Using the Internet in the electoral process itself open the possibilities of hacking of confidential information. This clearly shows that the EVM Voting System has intrinsic security problems. It is vulnerable to frauds and hacking. Several countries of the world have refused the EVM Voting System because they all find it insecure and easily subjected to frauds, flaws, and manipulations. Developed nations like UK, France, Singapore, and Japan have so far followed the paper ballot system of voting finding it to be simple and verifiable. Countries like Ireland, California, Germany, and Finland have abandoned and rejected the E-voting for a long time back.

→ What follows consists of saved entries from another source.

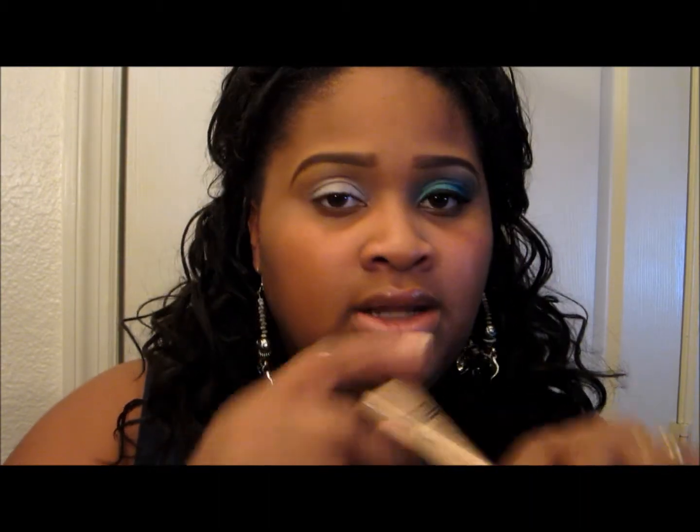Again, this look is very simple. I never like to do things that are very complicated — I like to look nice but keep it kind of simple. There are only three colors used for this look, so if you guys would like to see how I got this look then continue to watch. I've already based and primed my eyes with the ELF Eyelid Primer and the NYX Jumbo Pencil in Milk.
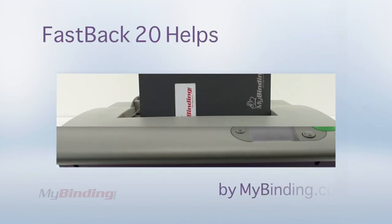You look good with the Fastback 20. For more demos, reviews, and how-tos, check out MyBinding.com.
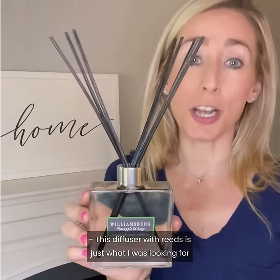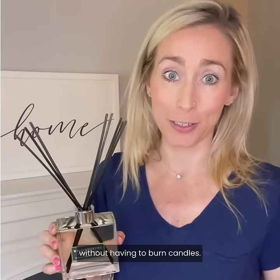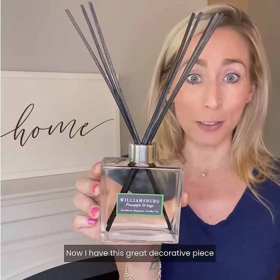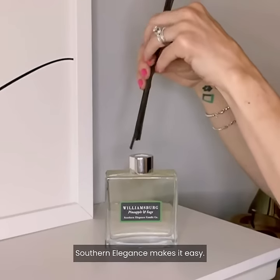This diffuser with reeds is just what I was looking for to keep my house smelling great without having to burn candles. I didn't want the heat. I didn't want the flame. Now I have this great decorative piece that keeps my house smelling good all day long. Southern Elegance makes it easy.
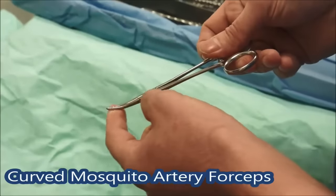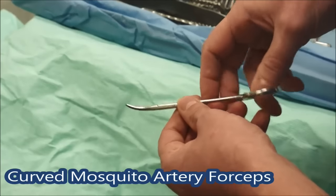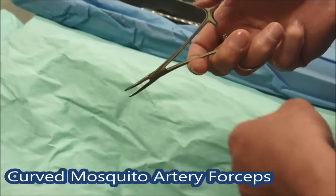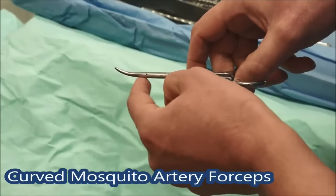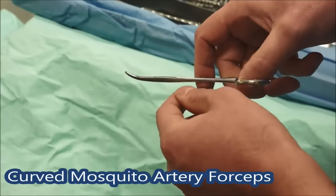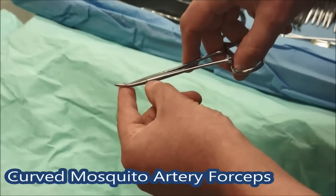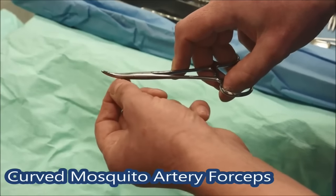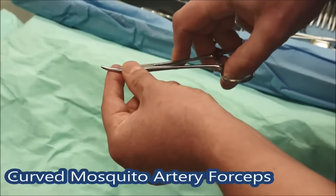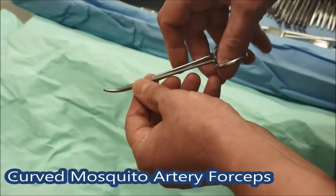These are the smallest clips on the tray — a pair of curved mosquitoes. They might be called something different in your hospital. These are really good for getting across small blood vessels; you put across two small blood vessels and then cut between them. The curving on the end helps you get the suture underneath the tip of the clip so you can tie behind it and let it off. When you're assisting and someone's putting a suture on, just gently lift up the tip so the person suturing can easily get the tie underneath. If someone says 'show me the tip', that's what they mean — just hold it up a little without pulling it off the tissue.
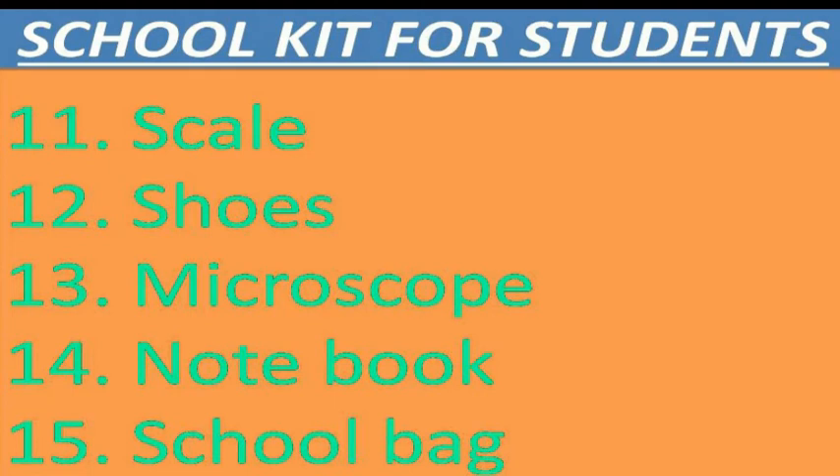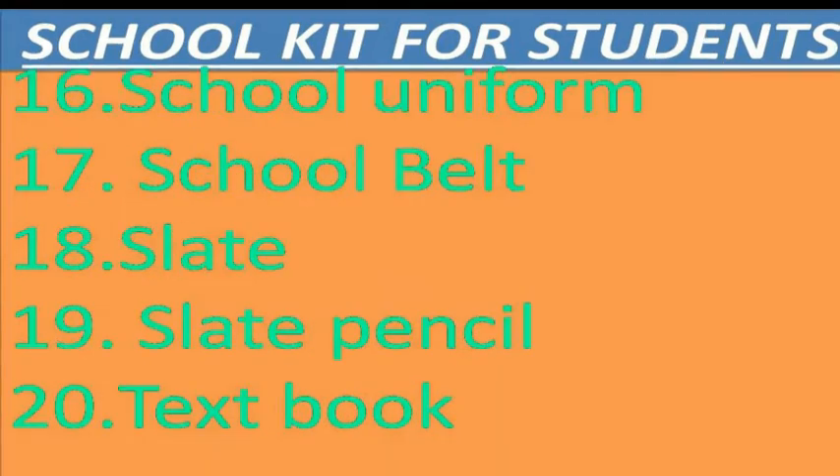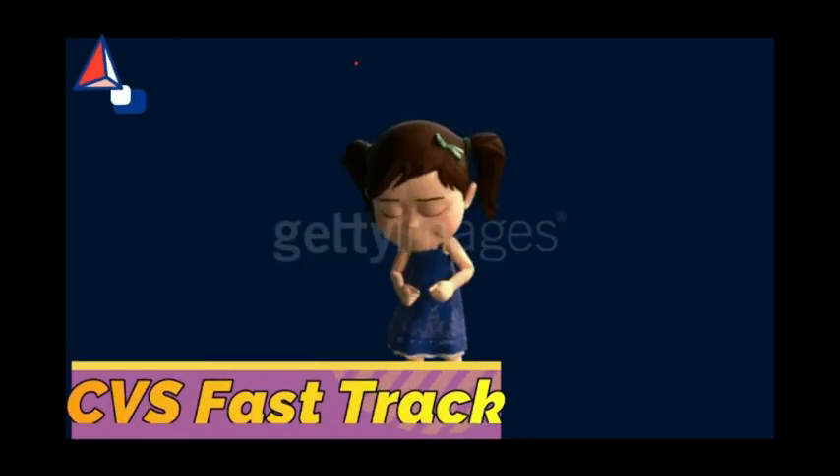School bag, school uniform, slate, slate pencil, textbook.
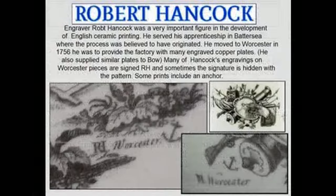The engraver Robert Hancock was a very important figure in the development of English ceramic printing. He served his apprenticeship in Battersea, where the process was believed to have originated. He moved to Worcester in 1756 and was to provide the factory with many engraved copper plates. He also supplied similar plates to the Bow factory. Many of Hancock's engravings on Worcester pieces are signed R.H. and sometimes the signature is hidden within the pattern. Some prints include an anchor.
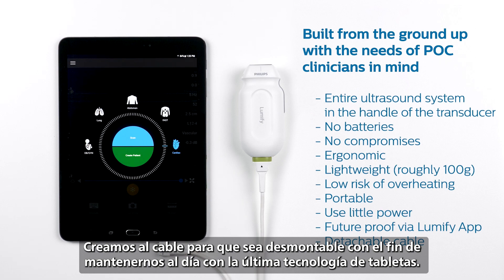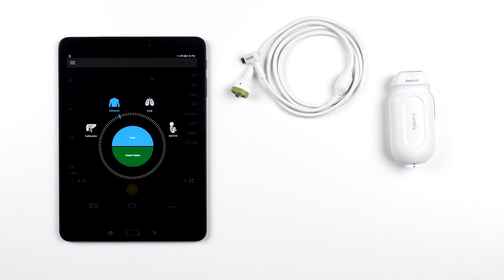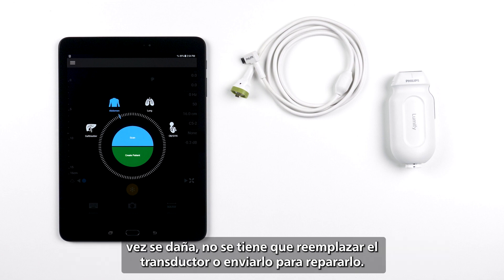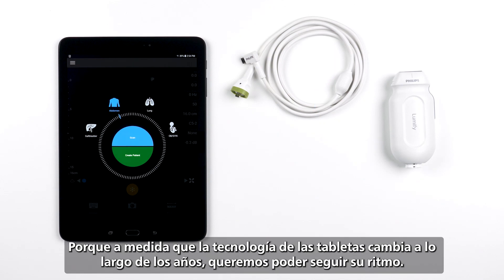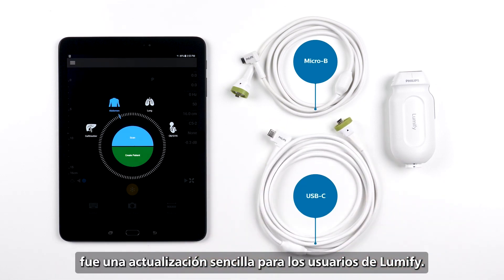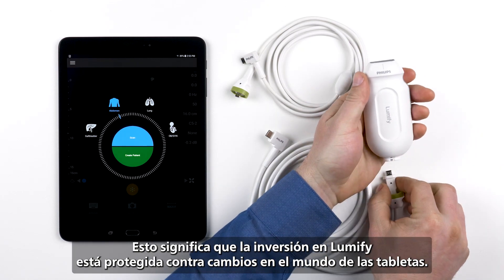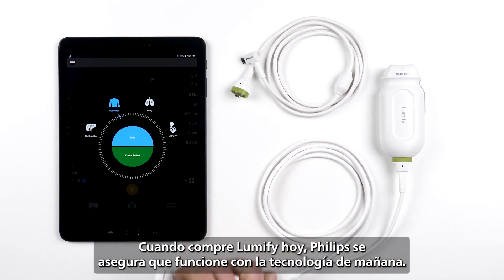We created the cable to be detachable in order to keep up with the latest tablet technology. This is helpful for two main reasons. One, point-of-care ultrasound users are in all sorts of different environments, and if this cable ever gets damaged, you don't have to replace the transducer or send it in for repairs — all you have to do is attach a new cable onto that transducer. Two, as tablet technology changes over the years, we want to keep up with it. For instance, when mobile devices moved from Micro B to USB-C, it was a simple update for Lumify users — they got a new cable from Philips, disconnected the old Micro B cable, and attached a new USB-C cable. This means your investment in Lumify is protected against changes in the tablet world. When you buy Lumify today, Philips will make sure it works with tomorrow's technology.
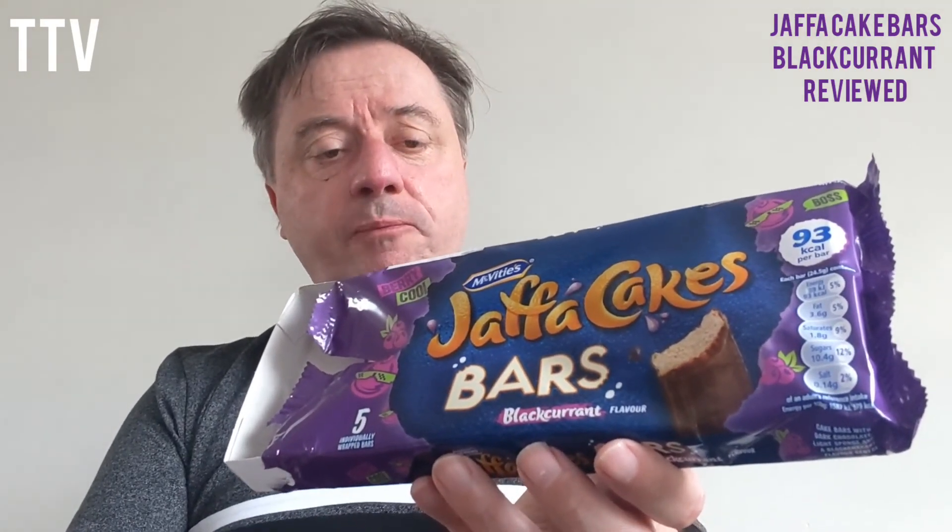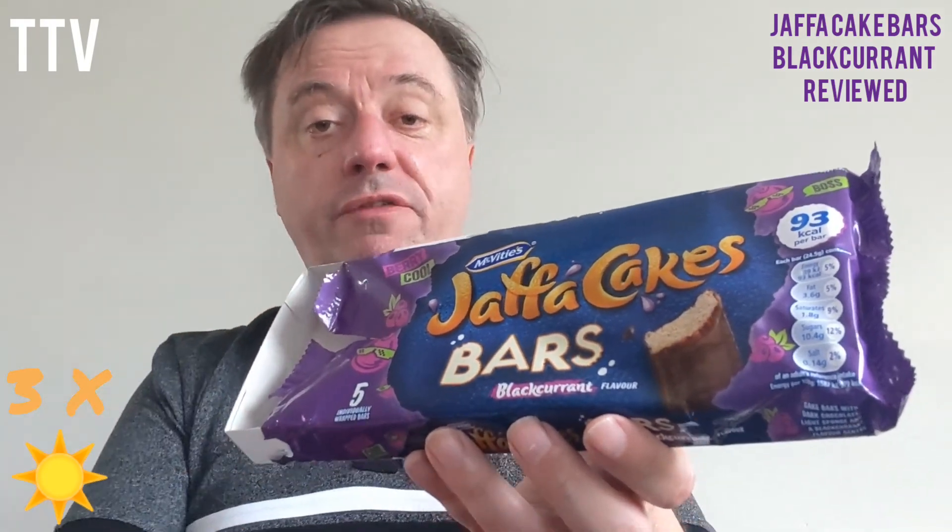Remember it loses a point for all the palm stuff, so I'm going to give it three stars out of five for Jaffa Cake Bars blackcurrant. Until next time, bye!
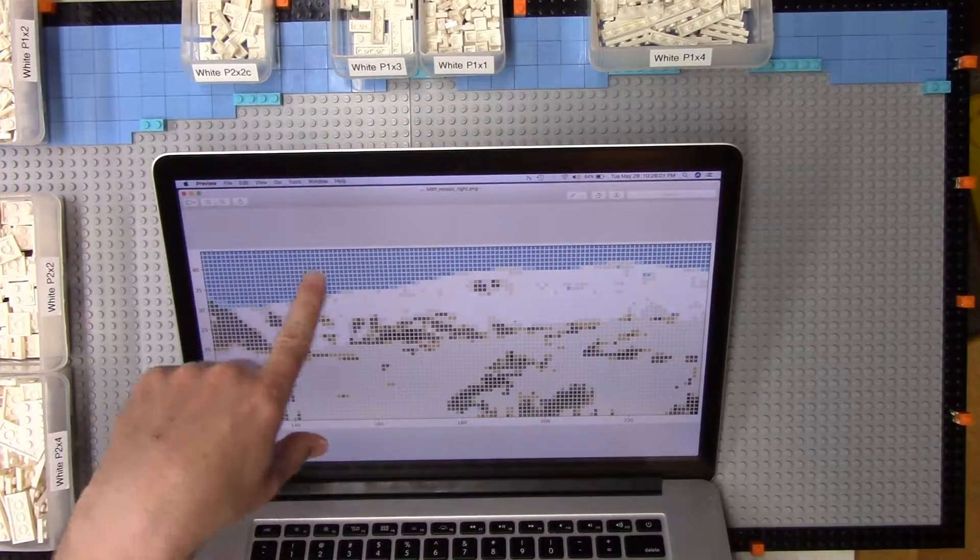For the white pieces, I have quite a few 2x4 plates, 2x2s, and 1x2s, and lesser numbers of some other sizes. I'm going to try to use the 2x4s as much as possible, then fill in with the smaller sizes.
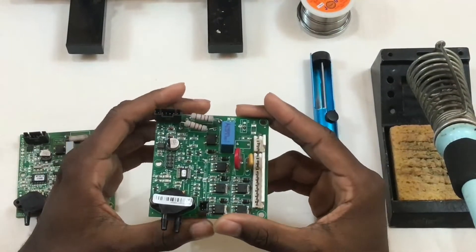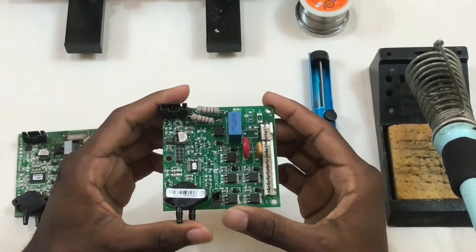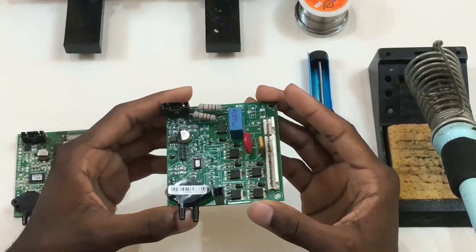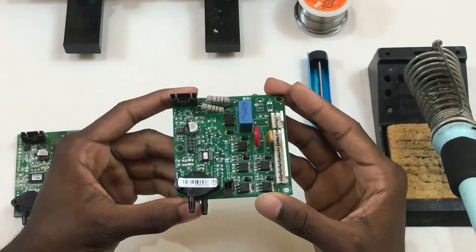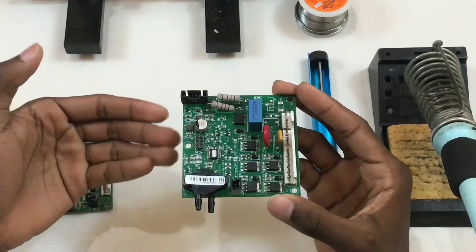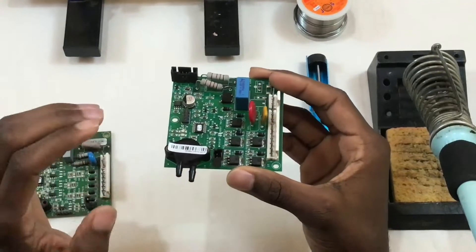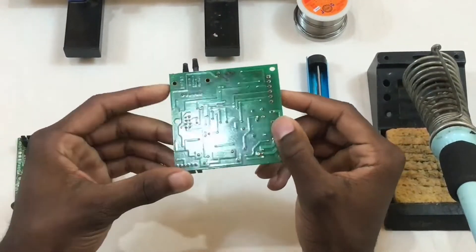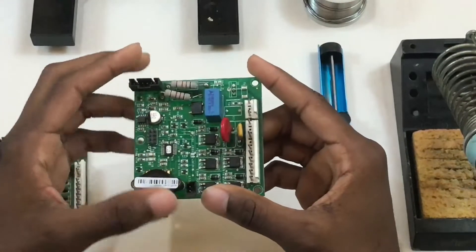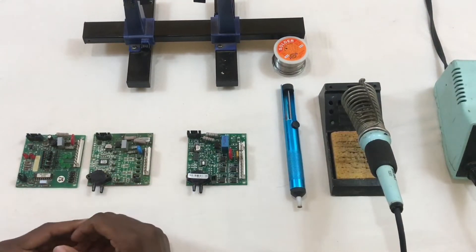For the third and most current generation of the AirSafe boards, they are still using surface mount technology for most components, and only through-hole technology for the power supply components, just like in the previous generation. The main difference between the third and second generation is that AirSafe decided to get rid of the LEDs that show the solenoid valve status. On this board there are no LEDs, just the transistors that control the solenoid valves. The bottom of the board is surface mount, much cleaner and smoother compared to the first generation.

Election Commission has maintained that it does not want to become a party to “this motivated slugfest”. After all these EVMs are manufactured in Bharat Electronics Limited and Electronics Corporation of Indian Limited under very strict supervisory and security conditions. Also, there are rigorous standard operating procedures meticulously observed at all stages under the supervision of a committee of eminent technical experts constituted way back in 2010.
For quite some time, political parties had been making a hue and cry over alleged misuse of electronic voting machines by the ruling dispensation. The immediate reason for Election Commission to issue a rejoinder was a disclosure made by one Syed Suja recently at a press conference in London via Skype, claiming that the 2014 General Election was “rigged” through the EVMs, which, he said, could be hacked. Syed Suja also alleged that he fled India in 2014 because he felt threatened in the country after the killing of some of his team members.
Soon after Shuja’s press meet, West Bengal Chief Minister Mamata Banerjee said the Opposition would take up with the EC the claims made by the cyber expert that EVMs can be hacked.
Recently 17 opposition parties came together to make a fresh, concerted demand that voters in the 2019 Lok Sabha elections exercise their franchise by stamping the ballot paper, not pressing the button, according to leaders of several parties familiar with the developments. Contending that electronic voting machines (EVMs), even those with voter-verifiable paper audit trail (VVPATs), would not be acceptable, the parties made a fresh appeal to the Election Commission of India.
However, ECI has maintained that EVMs are tamper-proof, and that VVPATs provide an additional layer to guarantee that voting is accurately captured. It has also repeatedly urged parties to refrain from expressing doubts about their efficacy. The demand to scrap EVMs underlines the aggressive mood of the Opposition camp. The demand for ballot boxes has also brought an unlikely set of parties together, even those warring against each other — the Trinamool Congress (TMC) and the Left, the Nationalist Congress Party and the ruling National Democratic Alliance’s (NDA) partner Shiv Sena, and the Telugu Desam Party and the YSR Congress, among others.
The 17 political parties want to revert to the ballot system. All like-minded parties are playing as a team to make this happen. In the political resolution adopted at its 84th plenary session last year, the Congress urged EC to revert to ballot papers instead of EVMs, which have come under scrutiny following allegations of tampering. The Congress resolution said that “there are apprehensions among the political parties and people over the misuse of EVMs to manipulate the outcome contrary to the popular verdict. To ensure the credibility of the electoral process, EC should revert to the old practice of paper ballot, as most major democracies have done.”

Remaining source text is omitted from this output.